Increasingly, it’s not the findings themselves that pose a threat, but the hypothetical possibility that others will use these facts to justify discrimination. But it’s important to distinguish between an idea, the researcher positing that idea, and the real potential for negative behavior. It’s also important to observe that morality is a fluid construction and should not dictate the manner of censorship in academia. The problem exists in the same vein as discussion surrounding cancel culture and the right to free speech vs right to not be offended (aka the push to legitimize ad hominem attacks).
Factual evidence, no matter how unnerving or nauseating, should never be censored or retracted in an academic setting purely because of its moral optics.
The prevailing morality of the time placed obstacles toward an accurate characterization of civil rights issues in the 1960s-80s. You couldn’t even publish a paper that went against the narrative that race and IQ shared a causal relation in the 1920s. Why would we want a repeat of that?
Conor Friedersdorf, who disagrees with Mac Donald in many areas, wrote an awesome Atlantic article recognizing the need for open debate and disagreement in academia. He highlights the troubling trend that academic institutions tend to see themselves as moral authorities on social and economic matters, often (ironically) regardless of what the data may actually suggest.
I haven’t seen many oxymorons as moronic as “moral authority.”
Sweeping declarations of one’s racism, xenophobia, bigotry, and whatnot don’t fuel academic debate. Instead, they betray a deeper anxiety in the minds of university students, faculty, and to a greater extent their administrators: they might be wrong, or worse, they may partially be at fault for some of society’s issues.
But no social progress was ever inspired from or sponsored by an academic institution. Progress was issued by individuals who stuck their necks out for legislative reform and showed society, person by person, that their alternate social paradigm was legitimate and preferable to the prevailing sentiment.
As Stephen Fry paraphrases Yevgeny Zamyatin: “Progress isn’t achieved by preachers or guardians of morality, but by madmen, hermits, heretics, dreamers, rebels and skeptics.”
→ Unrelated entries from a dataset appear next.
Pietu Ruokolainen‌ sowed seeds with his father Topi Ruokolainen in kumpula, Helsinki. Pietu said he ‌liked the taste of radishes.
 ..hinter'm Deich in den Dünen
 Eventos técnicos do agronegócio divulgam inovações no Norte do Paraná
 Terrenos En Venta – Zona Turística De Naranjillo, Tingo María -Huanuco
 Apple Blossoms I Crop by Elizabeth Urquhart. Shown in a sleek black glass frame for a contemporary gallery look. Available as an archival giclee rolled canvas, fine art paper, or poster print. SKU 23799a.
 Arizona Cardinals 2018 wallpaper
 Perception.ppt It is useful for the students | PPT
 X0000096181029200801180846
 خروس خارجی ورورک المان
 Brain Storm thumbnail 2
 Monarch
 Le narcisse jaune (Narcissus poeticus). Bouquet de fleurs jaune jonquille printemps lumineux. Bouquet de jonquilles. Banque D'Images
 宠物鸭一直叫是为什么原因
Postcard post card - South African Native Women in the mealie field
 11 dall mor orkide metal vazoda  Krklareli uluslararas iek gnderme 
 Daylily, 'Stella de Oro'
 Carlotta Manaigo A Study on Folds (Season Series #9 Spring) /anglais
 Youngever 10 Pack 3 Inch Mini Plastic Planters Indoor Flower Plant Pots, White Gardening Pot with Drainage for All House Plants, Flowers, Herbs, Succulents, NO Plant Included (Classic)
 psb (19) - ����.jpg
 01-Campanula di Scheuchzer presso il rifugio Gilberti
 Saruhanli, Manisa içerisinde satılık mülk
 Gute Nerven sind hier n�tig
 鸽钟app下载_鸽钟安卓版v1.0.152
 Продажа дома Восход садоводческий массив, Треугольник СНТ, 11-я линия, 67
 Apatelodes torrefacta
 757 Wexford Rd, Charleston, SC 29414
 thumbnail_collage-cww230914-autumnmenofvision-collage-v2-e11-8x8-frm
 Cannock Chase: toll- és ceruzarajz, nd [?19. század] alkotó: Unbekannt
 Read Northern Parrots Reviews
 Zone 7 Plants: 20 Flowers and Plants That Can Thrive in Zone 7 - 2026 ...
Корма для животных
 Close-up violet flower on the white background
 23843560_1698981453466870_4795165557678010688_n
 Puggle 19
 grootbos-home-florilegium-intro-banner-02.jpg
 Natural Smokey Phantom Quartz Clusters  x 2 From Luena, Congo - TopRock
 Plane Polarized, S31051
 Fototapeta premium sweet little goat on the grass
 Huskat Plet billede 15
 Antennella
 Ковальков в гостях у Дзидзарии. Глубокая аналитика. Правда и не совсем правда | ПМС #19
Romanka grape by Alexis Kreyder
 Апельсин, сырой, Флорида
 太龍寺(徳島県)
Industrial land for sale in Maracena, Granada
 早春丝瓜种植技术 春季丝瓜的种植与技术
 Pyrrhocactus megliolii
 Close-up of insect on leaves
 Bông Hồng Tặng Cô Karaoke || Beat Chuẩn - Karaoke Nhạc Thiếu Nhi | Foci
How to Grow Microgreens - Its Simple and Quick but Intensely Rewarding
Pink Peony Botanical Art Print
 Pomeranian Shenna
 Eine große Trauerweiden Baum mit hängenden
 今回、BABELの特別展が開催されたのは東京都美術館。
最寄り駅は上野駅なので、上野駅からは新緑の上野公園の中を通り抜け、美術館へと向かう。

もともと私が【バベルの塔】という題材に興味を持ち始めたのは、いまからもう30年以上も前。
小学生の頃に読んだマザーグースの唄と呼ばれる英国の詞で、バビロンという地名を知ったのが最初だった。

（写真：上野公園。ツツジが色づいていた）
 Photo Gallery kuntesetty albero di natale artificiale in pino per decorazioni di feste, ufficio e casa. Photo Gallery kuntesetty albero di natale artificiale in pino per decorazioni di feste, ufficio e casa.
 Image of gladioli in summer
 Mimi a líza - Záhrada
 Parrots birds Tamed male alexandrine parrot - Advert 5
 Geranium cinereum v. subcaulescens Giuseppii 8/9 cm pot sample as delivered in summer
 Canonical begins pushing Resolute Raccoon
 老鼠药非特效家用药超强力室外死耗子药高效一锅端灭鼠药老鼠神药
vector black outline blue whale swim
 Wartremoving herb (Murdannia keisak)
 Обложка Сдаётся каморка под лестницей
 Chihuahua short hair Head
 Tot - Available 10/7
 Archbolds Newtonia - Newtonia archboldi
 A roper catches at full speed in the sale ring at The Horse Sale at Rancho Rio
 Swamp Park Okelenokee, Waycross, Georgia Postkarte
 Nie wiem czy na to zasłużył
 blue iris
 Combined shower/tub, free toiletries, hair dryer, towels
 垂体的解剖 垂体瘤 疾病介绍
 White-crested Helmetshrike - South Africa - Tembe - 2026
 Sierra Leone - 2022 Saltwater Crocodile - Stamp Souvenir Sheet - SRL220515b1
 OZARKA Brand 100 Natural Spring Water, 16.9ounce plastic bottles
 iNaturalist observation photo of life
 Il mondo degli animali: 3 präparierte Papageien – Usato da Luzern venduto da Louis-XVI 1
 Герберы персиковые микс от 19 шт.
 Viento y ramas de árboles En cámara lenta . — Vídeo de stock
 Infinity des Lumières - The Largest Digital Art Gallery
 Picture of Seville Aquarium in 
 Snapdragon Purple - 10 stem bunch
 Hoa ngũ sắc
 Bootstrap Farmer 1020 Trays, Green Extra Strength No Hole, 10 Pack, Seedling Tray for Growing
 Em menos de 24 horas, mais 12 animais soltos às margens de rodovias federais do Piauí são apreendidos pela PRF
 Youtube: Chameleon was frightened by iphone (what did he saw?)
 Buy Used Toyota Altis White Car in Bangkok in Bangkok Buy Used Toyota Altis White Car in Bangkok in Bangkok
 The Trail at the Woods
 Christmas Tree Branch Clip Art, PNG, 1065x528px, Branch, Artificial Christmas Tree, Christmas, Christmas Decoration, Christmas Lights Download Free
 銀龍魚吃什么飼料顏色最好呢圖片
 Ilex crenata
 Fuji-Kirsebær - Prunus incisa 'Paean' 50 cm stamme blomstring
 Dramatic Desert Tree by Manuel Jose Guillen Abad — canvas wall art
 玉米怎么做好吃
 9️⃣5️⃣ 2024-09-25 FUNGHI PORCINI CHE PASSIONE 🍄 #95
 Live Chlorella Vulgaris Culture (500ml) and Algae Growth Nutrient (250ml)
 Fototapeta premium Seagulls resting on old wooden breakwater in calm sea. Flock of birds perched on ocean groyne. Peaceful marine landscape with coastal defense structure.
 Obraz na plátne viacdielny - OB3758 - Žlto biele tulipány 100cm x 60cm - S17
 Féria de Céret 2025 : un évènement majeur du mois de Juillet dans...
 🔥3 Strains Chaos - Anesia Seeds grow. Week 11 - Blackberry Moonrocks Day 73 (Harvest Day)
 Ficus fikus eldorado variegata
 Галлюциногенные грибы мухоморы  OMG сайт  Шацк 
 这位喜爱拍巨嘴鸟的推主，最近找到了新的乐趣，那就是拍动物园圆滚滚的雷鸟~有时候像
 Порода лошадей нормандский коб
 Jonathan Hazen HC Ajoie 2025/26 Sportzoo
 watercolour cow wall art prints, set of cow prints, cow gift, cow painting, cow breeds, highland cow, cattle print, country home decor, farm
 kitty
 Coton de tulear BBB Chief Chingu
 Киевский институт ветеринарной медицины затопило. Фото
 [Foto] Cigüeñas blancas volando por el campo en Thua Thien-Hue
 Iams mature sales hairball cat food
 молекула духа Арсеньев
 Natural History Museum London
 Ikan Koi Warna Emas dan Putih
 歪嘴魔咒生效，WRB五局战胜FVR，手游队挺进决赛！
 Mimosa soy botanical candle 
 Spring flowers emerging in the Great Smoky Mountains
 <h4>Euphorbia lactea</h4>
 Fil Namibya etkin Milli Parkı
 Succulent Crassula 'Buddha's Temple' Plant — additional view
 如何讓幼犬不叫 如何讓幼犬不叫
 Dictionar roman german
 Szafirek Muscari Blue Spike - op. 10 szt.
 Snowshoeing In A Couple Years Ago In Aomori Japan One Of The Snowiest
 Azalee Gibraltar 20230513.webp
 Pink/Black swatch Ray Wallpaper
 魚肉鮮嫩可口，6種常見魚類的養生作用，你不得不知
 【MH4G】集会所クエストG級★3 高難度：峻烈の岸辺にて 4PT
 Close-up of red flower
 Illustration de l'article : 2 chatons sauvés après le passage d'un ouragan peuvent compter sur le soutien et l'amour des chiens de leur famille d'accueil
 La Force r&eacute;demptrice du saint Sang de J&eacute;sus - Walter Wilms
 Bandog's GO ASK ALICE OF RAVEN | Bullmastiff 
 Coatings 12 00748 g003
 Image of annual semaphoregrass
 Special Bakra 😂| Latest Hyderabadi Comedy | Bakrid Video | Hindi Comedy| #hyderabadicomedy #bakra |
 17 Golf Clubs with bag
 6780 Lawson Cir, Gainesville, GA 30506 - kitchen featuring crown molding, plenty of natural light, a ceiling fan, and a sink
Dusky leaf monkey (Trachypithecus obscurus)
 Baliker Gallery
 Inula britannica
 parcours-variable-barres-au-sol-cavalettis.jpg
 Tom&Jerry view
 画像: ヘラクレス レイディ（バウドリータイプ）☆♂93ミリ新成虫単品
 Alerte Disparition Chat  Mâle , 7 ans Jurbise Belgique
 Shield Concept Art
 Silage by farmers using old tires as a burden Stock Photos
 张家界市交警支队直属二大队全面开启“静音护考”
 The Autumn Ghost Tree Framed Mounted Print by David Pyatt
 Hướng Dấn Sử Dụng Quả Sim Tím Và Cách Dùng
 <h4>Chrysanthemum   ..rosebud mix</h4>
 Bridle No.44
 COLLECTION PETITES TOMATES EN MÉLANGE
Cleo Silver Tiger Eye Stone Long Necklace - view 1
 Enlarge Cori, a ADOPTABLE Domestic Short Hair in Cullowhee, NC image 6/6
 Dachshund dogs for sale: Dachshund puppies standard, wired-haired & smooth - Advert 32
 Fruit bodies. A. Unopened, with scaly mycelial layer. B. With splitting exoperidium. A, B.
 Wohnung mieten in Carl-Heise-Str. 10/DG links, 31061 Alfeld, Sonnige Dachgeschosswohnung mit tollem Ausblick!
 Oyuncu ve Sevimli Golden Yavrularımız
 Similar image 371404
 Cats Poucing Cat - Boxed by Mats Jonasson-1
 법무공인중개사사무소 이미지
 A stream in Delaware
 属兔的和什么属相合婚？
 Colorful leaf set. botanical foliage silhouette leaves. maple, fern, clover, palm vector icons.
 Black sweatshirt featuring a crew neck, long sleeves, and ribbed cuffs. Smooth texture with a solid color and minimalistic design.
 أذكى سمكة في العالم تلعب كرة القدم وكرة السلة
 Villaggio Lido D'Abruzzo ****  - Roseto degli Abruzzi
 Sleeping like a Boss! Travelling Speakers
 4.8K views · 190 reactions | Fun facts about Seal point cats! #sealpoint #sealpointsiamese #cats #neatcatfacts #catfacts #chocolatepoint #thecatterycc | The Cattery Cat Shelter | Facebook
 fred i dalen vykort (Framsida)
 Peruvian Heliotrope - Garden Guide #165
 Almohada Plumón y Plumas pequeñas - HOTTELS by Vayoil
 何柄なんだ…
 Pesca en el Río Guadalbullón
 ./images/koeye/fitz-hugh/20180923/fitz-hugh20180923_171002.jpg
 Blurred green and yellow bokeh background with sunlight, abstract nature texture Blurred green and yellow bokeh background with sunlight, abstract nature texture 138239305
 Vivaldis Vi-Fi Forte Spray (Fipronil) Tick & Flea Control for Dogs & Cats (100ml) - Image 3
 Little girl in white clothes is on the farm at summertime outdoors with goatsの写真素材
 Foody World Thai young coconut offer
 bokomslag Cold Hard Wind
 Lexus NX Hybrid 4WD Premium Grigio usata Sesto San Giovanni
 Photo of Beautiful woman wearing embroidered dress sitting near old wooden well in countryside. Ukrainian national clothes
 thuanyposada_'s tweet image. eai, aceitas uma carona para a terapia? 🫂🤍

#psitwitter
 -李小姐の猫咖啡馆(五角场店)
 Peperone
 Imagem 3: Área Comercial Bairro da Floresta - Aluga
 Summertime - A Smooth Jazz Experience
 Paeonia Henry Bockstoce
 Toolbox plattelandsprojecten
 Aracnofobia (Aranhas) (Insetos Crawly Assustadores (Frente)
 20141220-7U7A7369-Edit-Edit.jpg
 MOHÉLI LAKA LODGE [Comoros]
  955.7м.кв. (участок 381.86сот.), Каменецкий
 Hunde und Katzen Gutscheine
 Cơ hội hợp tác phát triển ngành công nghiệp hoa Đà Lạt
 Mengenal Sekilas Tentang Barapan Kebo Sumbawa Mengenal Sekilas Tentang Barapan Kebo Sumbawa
Academia has always aspired toward simply being the engine for describing data-driven ideas. Purposefully, its objective goals ought to insulate it from the morals and prejudices of its time and reveal information (mostly) untouched by human emotion. The Kinsey Reports are the best example of this.
The issue of police brutality, like all important issues, is nuanced and complex. So let us solve this problem expediently and comprehensively — and not interrupt research for any reason other than rigor and merit.
Politics? Morality? Leave academia alone.